Inflammation is a standard immune response that has been designed for protecting the body against infection and injury. However, in cases of chronic inflammation, it can contribute to various chronic diseases like autoimmune disease, diabetes, and cancer.
Multiple studies show that Amaranth has an anti-inflammatory effect on the human body. In one study, it was found that Amaranth has helped in reducing numerous markers of inflammation. Another study has shown that Amaranth has helped in inhibiting immunoglobulin E production, an antibody that causes allergic inflammation.
Grains such as spelt, barley, and wheat contain a kind of protein called gluten. People with celiac disease cannot eat gluten as the body produces an immune response that causes inflammation and damage to the digestive tract. But they can eat Amaranth, a gluten-free grain, that also contains many essential nutrients in it.
Even though they share various similarities, these ancient South American grains also differ in multiple ways. They are known as whole-grain foods but they are not entirely true cereal grains. Let’s look at how they differ from each other in the following ways.

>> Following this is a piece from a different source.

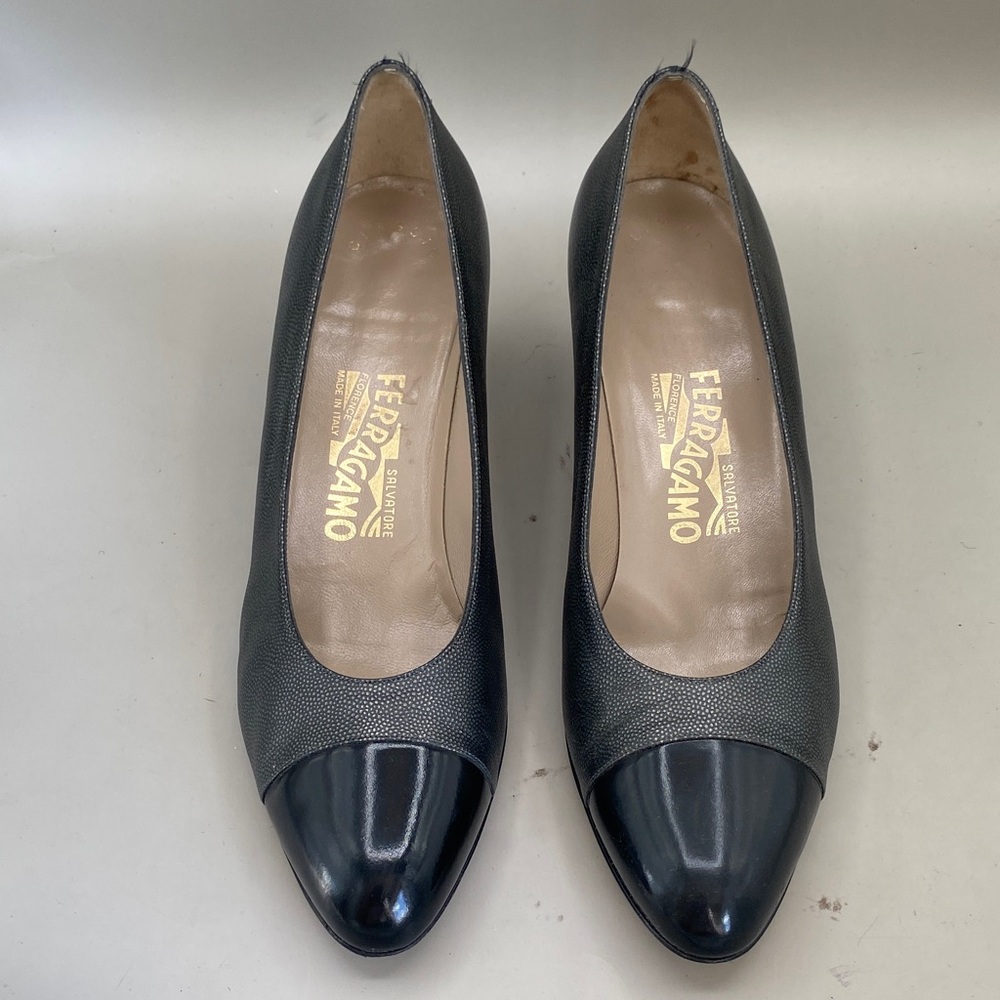 Salvatore Ferragamo Black Textured Heels (lot 102)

Amaranth contains more protein when compared to quinoa. A cup of Amaranth serves 9g of protein, while a cup of quinoa serves 8g of protein. However, both of them serve almost double the amount of protein that you can get from whole wheat, oats, and brown rice. Even the protein quality in both quinoa and Amaranth is better than nearly all the whole grains that are also low in lysine, an amino acid.

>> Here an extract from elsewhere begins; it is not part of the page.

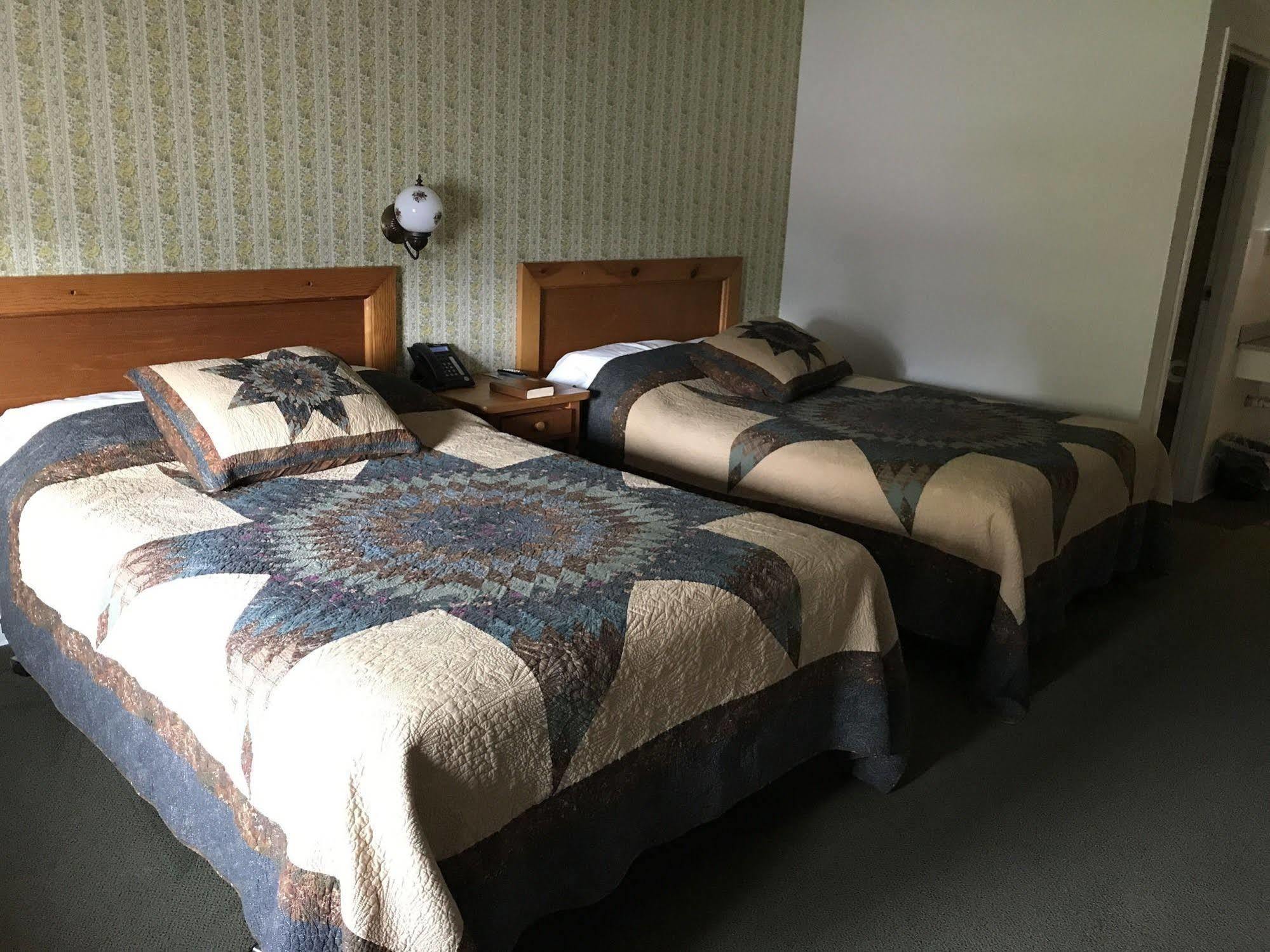 Casselman Inn Grantsville Exteriér fotografie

In addition to that, both the grains are good sources of zinc, magnesium, iron and are considered vital sources of the essential vitamin B6.
|One cup of Quinoa
|One cup of Amaranth
|18% Vitamin B6 RDA
|22% Vitamin B6 RDA
|15% Riboflavin and Thiamine RDA
|3.75% Riboflavin and Thiamine RDA
Even though both Amaranth and quinoa offer a nutty flavor after cooking them, Amaranth is more flavourful. The seed of Amaranth while cooking releases an intense grass aroma that translates to an herbal, nutty flavor reminiscent of hay. But in the case of quinoa, it releases a mild flavor that can easily take on the attributes of the food it is being served with.
Amaranth is a power-packed grain with numerous healthy properties that include fiber, antioxidants, vitamins, minerals, and proteins. Amaranth grains can be added in various dishes as a vital ingredient to bring out the flavor, aroma, and taste of the grains. Here is a list of some Indian recipes which you can try to add Amaranth in your daily diet.
Even though Amaranth has existed for a long time, it has gained popularity among people in recent times as it contains quality minerals and proteins. Its utmost specialty is that it is gluten-free and allows a whole lot of gluten intolerant people to include Amaranth in their diet. Amaranth is highly beneficial for your health as it includes a wide range of nutrients in it. You can even cook Amaranth into a variety of dishes that are both healthy and tasty.